Syrians are now a majority in some border towns, like Reyhanli. Although the influx of refugees into Turkey has caused a significant degree of nationalist backlash, some locals are working to bring the country’s burgeoning Syrian population into the greater social fold. Marginalization, an issue faced by refugees everywhere, is especially prominent in Turkey, where a history of cultural heterogeneity and targeted nationalism has pervaded the public and political spheres for more than a century. But marginalization can be dangerous, not just for the marginalized, but also for those who perpetuate it. Like Arab countries in the region, such as Egypt, where high youth unemployment and low educational prospects have fueled social unrest, Turkey will soon have to contend with similar issues.
Refugees left to languish without education or mobility are a threat to both Turkey’s and the region’s stability. Youth unemployment is one of the most pressing threats facing the Middle East today. Unchecked, it has the potential to perpetuate regional instability, augment militant groups’ influence, and further entrench the Middle East in its vicious cycle of economic dysfunction. Rising youth populations makes finding a solution for the region’s economic woes even more critical. Without a sustainable educational model, however, economic prospects will only worsen.
To help close the educational gap, a prominent Turkish educator, Enver Yucel, has donated $10 million to establish an accredited university system where Syrians can take coursework in Arabic, English, and Turkish. Yucel believes that breaking the cycle of exploitation, marginalization, and social inequity begins with education. Investing in refugees’ education, Yucel believes, is an investment in Turkey’s future. It will equip them will the tools necessary to be fully integrated into the social and economic fabric of the country.
180,000 child refugees in Turkey receive school supplies through UNICEF’s No Lost Generation (NLG) initiative, which promotes non-discriminatory access to quality and relevant formal and non-formal education for both refugee and vulnerable host community children. However, the Turkish university system remains largely inaccessible to young Syrians, many of whom were college-bound before the outbreak of the war. Though a significant percentage of Syrian youth are educated, language barriers prevent most of them from pursuing higher education in Turkey, which would in turn, increase their job prospects.
Like Palestinians in Jordan, Syrians in Turkey have irrevocably changed the social, linguistic, and political fabric of the country. Whether or not Turkey wants them there, many are there to stay. Even under the best circumstances, Syria will take years to recover from the conflict, and prospects for the country’s displaced youth will remain low. Because of this, many Syrians will seek to cultivate new lives for themselves in Turkey. Generations will be born and come of age in a new place, facing the challenge of conflicted identities. They will be both Syrian and Turkish, but perhaps neither fully one nor the other.
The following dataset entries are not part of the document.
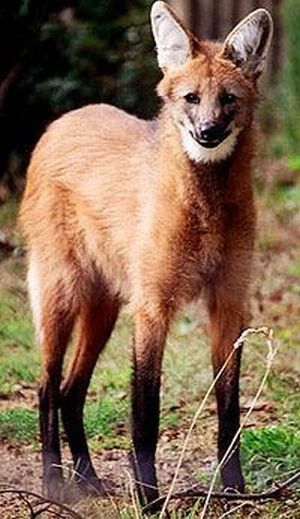 maned wolf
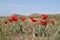 Close-up red tulips in desert near mount  Bogdo.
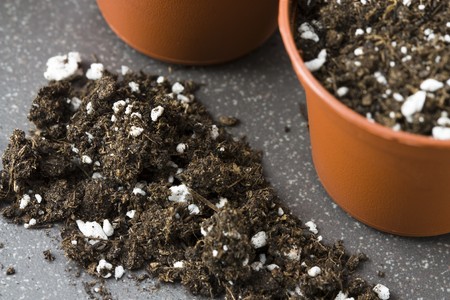 Still life with plant pots, potting soil and grains as symbol for gardening.の写真素材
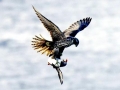 Puffin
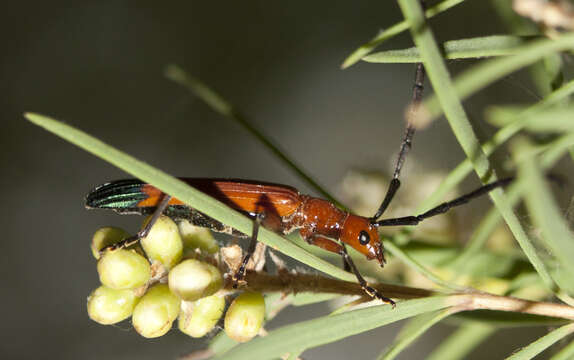 Image of Stenoderus ostricilla Newman 1850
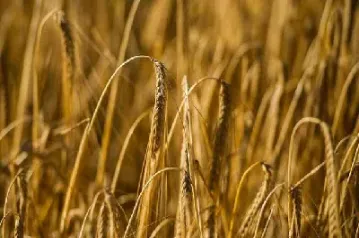 农产品期货市场在哪里(农产品的期货市场)_https://www.hougads.com_恒指直播室_第1张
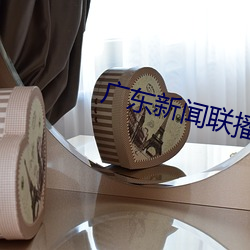 廣東新聞聯播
Educational initiatives like Enver Yucel’s aren’t just humanitarian; they’re nationalist. Although many Turks resent Syrians for putting undue economic pressure on the government to support them, and for taking jobs away from locals (a common complaint in any society with large refugee/immigrant populations), the full social and economic integration of the Syrian refugees is ultimately critical to Turkey’s well-being and stability. Without such integration, the Eurasian country that has long been perceived as an island of calm in a region of chaos may descend into similar patterns of sectarian violence, religious conflict, and political dysfunction experienced by the rest of the Middle East.